Canning the uncanny, by Karen Hill-Green

A curtain of icy needles hit the windscreen. Stewart hunched over the steering wheel and craned forward to see through the fogged-up glass. The heater was out again. Hard to make out the road ahead, marbled with hail, leaves and broken branches. He wiped the window with the back of his glove but the polar fleece did not absorb the wet and made the single patch he was looking through blurry. Not much point in driving like this.

He pulled over to the curb and cautiously brought the car to a stop.

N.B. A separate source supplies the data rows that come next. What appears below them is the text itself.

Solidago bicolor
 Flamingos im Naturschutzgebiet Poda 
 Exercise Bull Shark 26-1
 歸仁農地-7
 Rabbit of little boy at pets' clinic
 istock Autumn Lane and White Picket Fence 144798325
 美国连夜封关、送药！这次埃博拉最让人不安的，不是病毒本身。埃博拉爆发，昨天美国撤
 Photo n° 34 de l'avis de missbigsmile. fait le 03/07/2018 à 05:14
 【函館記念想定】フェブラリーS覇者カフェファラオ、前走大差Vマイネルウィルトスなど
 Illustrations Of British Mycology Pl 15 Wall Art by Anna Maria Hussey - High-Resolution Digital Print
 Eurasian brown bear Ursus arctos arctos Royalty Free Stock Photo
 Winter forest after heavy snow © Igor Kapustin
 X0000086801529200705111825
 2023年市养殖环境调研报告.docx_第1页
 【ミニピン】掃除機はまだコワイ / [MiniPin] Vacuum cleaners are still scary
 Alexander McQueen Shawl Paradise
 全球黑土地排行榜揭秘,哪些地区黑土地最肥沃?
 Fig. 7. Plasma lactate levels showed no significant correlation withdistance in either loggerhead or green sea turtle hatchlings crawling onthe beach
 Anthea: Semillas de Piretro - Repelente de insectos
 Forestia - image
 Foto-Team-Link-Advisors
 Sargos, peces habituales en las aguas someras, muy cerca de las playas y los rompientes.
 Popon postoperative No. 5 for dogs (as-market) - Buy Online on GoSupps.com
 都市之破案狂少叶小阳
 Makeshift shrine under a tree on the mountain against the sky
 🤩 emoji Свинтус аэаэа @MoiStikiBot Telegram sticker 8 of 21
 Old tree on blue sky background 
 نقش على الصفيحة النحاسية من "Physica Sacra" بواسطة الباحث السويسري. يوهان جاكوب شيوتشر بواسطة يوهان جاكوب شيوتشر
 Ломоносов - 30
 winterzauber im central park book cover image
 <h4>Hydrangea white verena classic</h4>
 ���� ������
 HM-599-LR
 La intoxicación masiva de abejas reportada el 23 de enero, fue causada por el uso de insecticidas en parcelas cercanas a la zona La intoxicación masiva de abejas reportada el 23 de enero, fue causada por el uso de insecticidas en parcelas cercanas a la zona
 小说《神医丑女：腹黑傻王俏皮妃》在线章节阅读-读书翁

Grabbing his heavy wool coat from the back seat, he opened the door and got out. Temperature had really dropped. Quickly he buttoned the coat, pulled the collar up and sunk his face into his tartan scarf.

There were no lamp posts this far out of town and his only point of focus in the inky night was a house a couple of hundred metres ahead. He clapped his gloves together and gingerly made his way forward on the icy tarmac. Trudging on the hail felt crunchy but the sound was barely audible above the trees thrashing overhead in the wind.

Stewart’s eyes flitted up and down the road. Alone out here and the phone not picking up a signal. Should be able to use the landline in the house. Margie would be wondering where he was. Slamming out of the house on a night like this was childish. He’d have to apologise, however much she provoked him. Still, it was good to just hit the road and go.

He approached the house as the rain started to ease up. The gate had tired, peeling paint and the latch was stiff, as if it hadn’t been used in years. He fiddled with it and then forced it open. As he went up the path to the front door, the gate banged behind him and set off a dog inside. It had a low deep bark; probably large. Then it stopped. Stewart rapped the knocker. It was grimy to the touch. He stamped his feet and wiped his upper lip off on his sleeve as he waited. Nothing. Maybe they couldn’t hear with the gusts in the trees. He knocked again, though more decidedly. Still nothing.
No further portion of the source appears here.